Tuesday, July 15, 2014

Young Pedro Versus Young Pablo

In February 2012, I wrote of Alfredo Pérez Rubalcaba's re-selection as leader of PSOE that the party had "opted for a safe pair of hands, ones that, in his own peculiar style, play a piano when's he's speaking. For safe pair of hands, read boring. Not for the first time ... Spanish politics has refused to dump a loser". Rubalcaba's continuing as leader following the spanking that Rajoy and the PP had given PSOE was a massive mistake. Consequently, 2012 to 2014 have been the lost years for PSOE, wandering in the wilderness without a compass and having no idea as to which direction it was heading other than in the wrong one. When the European elections this May showed that the sage-like Rubalcaba had been leading the lost tribes of PSOE ever deeper into a political desert, his time was up. His staff has now been kicked away, his sackcloth removed, his beard shaven off. Welcome to new PSOE. Pedro Sánchez. Young PSOE. And hardly a facial hair to be seen.

Much is being made of Sánchez's youth and indeed the youth of leaders of other political parties in Spain, with the very obvious exception of Mariano Rajoy. Will Sánchez, in addition to leading PSOE back to civilisation, also lead them - and the country - towards the sun of a new dawn with youthfulness to the fore in shaping a whole new politics in Spain? Well, some are suggesting something along these lines. But before we get carried away, it should be noted that youth is very much a relative term. Sánchez is 42. He is 17 years younger than Rajoy and 20 years younger than Rubalcaba, so he does represent a bit of a change in the current political scene, but in the wider scheme of things he doesn't.

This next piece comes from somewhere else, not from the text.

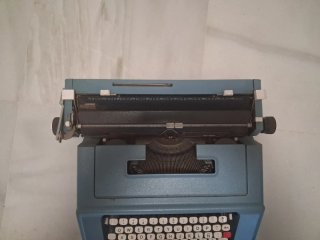 Máquina de escribir Olivetti Studio 46 azul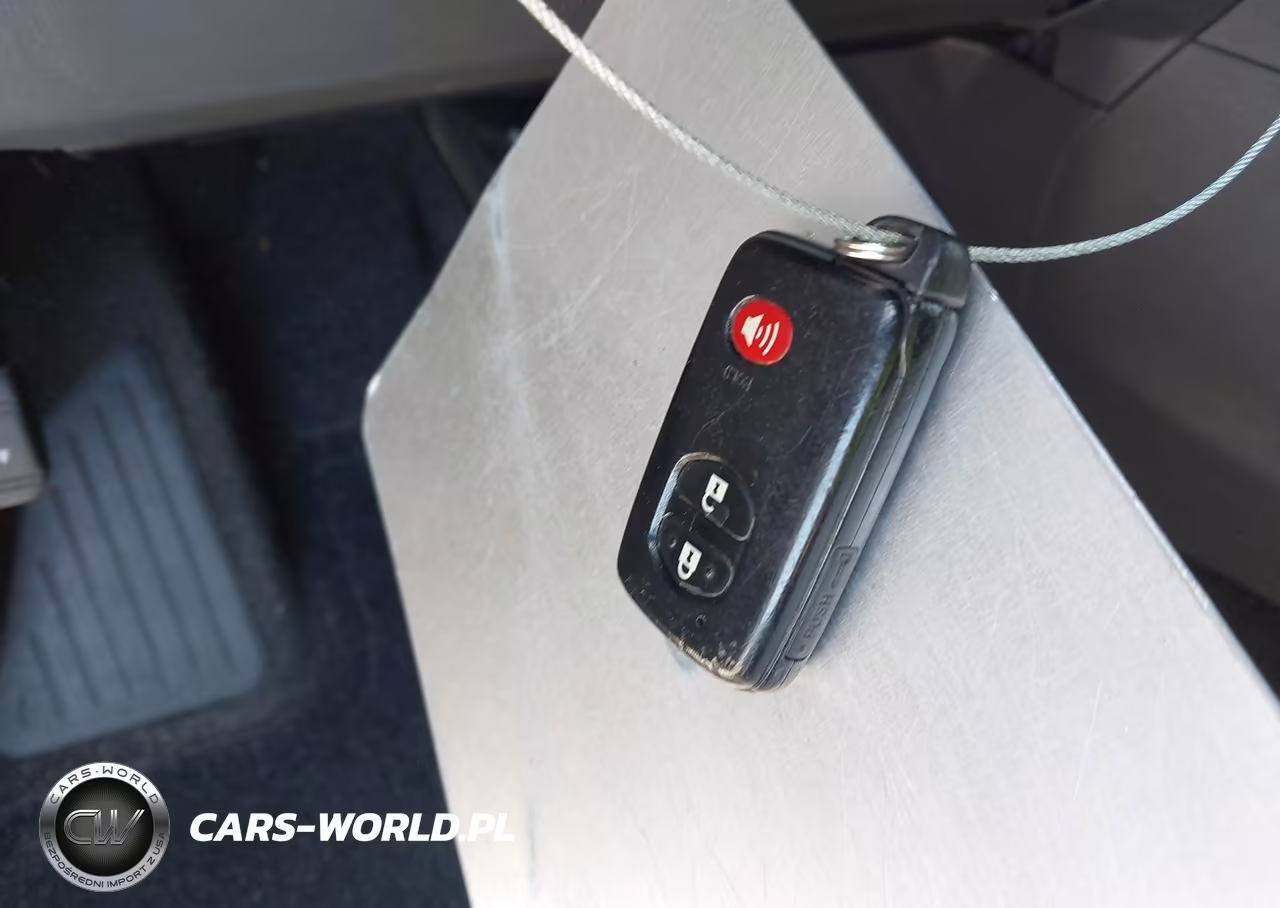 2014 Toyota Prius V Three VIN:JTDZN3EU8EJ015143 - 11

When Felipe González became prime minister, he genuinely was something new. Apart from being a socialist, he was dynamic and charismatic and young. Youngish. He was 40. José Luis Rodríguez Zapatero was 43 when he won the 2004 election. And if you want other examples, there is always the Balearics' own José Ramón Bauzá, also 40 when he won. Or how about Tony Blair? 43 on the day, that beautiful spring day when a warm sun shone and a new dawn really did dawn. Or so we thought. Little did we know that we were getting a narcissistic, control-freak lunatic with two heads.

What really has alerted political commentators to this new youth movement in Spanish politics is the younger-than-Sánchez leader of Podemos, Pablo Iglesias, who shouldn't be confused with the Marxist Pablo Iglesias who was the founder of PSOE. He, were he to still be alive, would be 164 in October this year. It might be felt that, in terms of Marxist ideology, there isn't a great deal of clear blue water between the two Pablos, but there is a vast ocean between them when it comes to years. The new-age Pablo is a mere 35. 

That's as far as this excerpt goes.